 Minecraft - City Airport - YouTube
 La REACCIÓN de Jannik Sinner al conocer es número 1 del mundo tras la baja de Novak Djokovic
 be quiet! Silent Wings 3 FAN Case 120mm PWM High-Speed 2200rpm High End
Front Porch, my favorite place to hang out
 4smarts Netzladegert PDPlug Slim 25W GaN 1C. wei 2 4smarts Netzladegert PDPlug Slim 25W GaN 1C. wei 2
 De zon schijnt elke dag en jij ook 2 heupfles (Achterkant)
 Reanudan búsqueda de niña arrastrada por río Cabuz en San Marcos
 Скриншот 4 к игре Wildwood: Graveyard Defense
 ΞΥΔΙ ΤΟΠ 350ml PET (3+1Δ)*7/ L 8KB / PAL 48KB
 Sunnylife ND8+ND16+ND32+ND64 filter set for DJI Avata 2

--

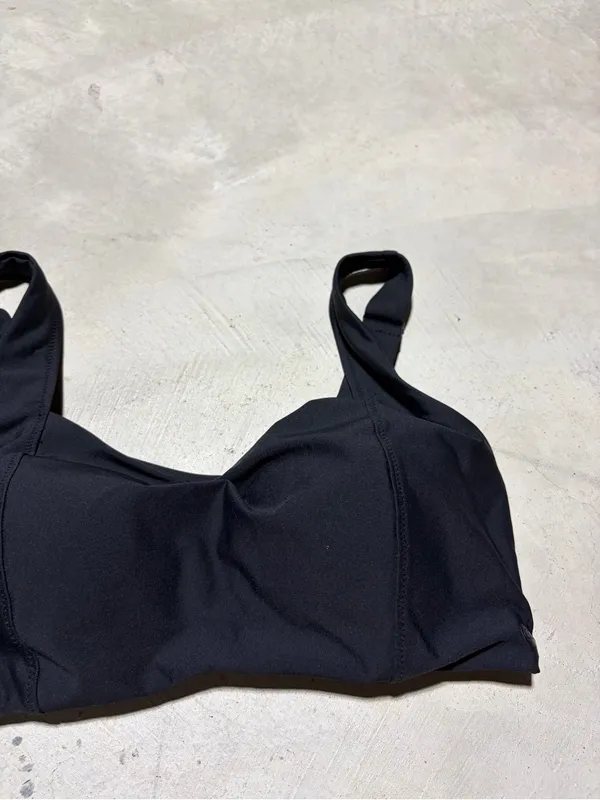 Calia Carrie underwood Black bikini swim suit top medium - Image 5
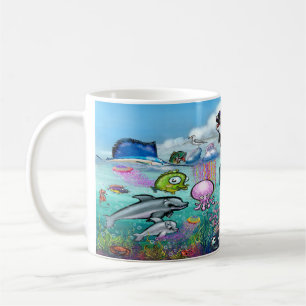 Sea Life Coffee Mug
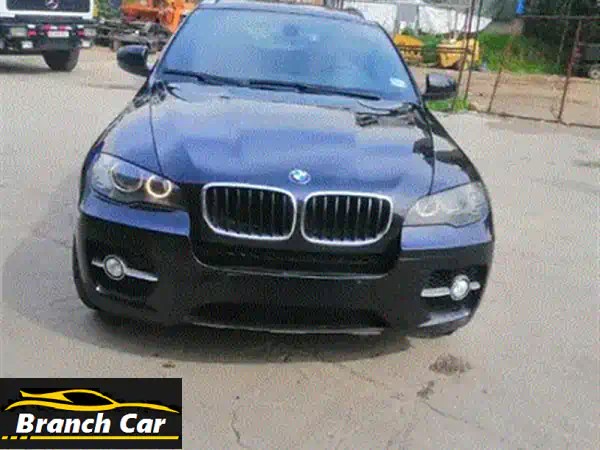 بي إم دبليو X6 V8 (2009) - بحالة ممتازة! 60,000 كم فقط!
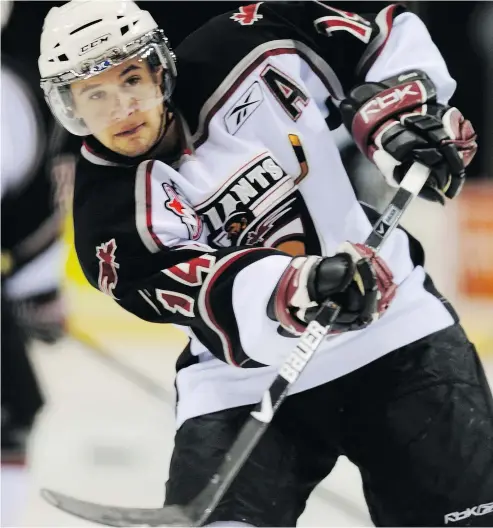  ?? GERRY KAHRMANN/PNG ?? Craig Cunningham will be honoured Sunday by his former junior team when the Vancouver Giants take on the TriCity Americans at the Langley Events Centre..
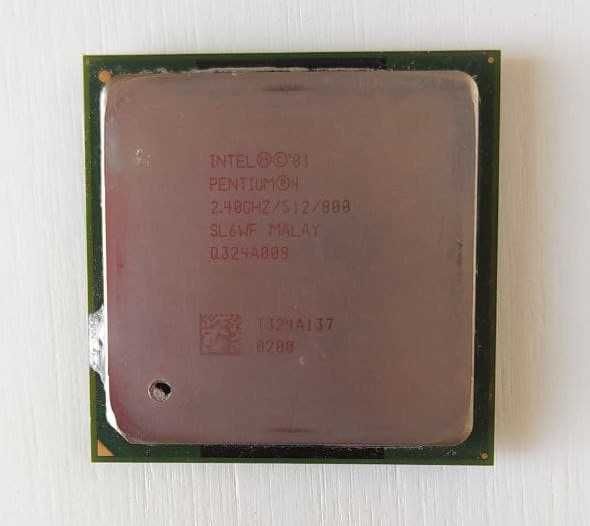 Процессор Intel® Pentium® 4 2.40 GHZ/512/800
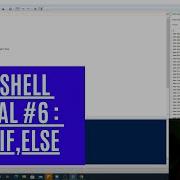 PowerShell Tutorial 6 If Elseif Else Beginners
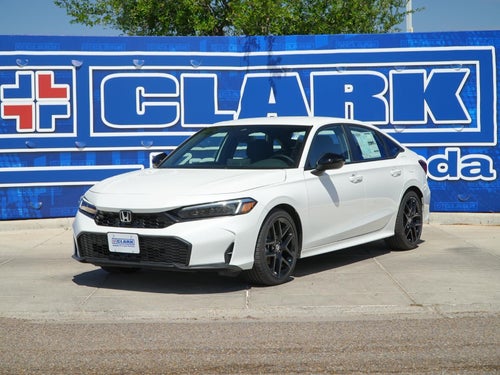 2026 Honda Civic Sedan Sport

--

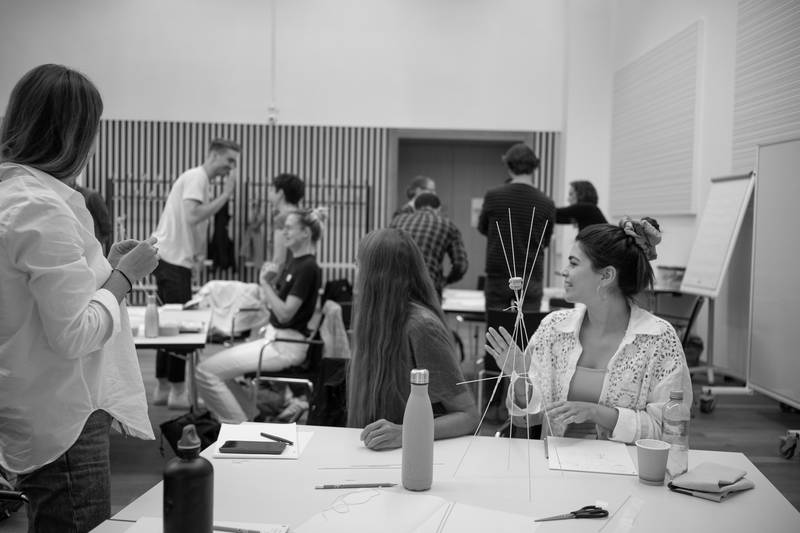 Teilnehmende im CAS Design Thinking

TASK DETAILS: Lines from the one above containing "بي إم دبليو" down to the one containing "2026 Honda Civic Sedan Sport" should be transcribed exactly, with both ends kept and no pictures.

SOLUTION:
 بي إم دبليو X6 V8 (2009) - بحالة ممتازة! 60,000 كم فقط!
  ?? GERRY KAHRMANN/PNG ?? Craig Cunningham will be honoured Sunday by his former junior team when the Vancouver Giants take on the TriCity Americans at the Langley Events Centre..
 Процессор Intel® Pentium® 4 2.40 GHZ/512/800
 PowerShell Tutorial 6 If Elseif Else Beginners
 2026 Honda Civic Sedan Sport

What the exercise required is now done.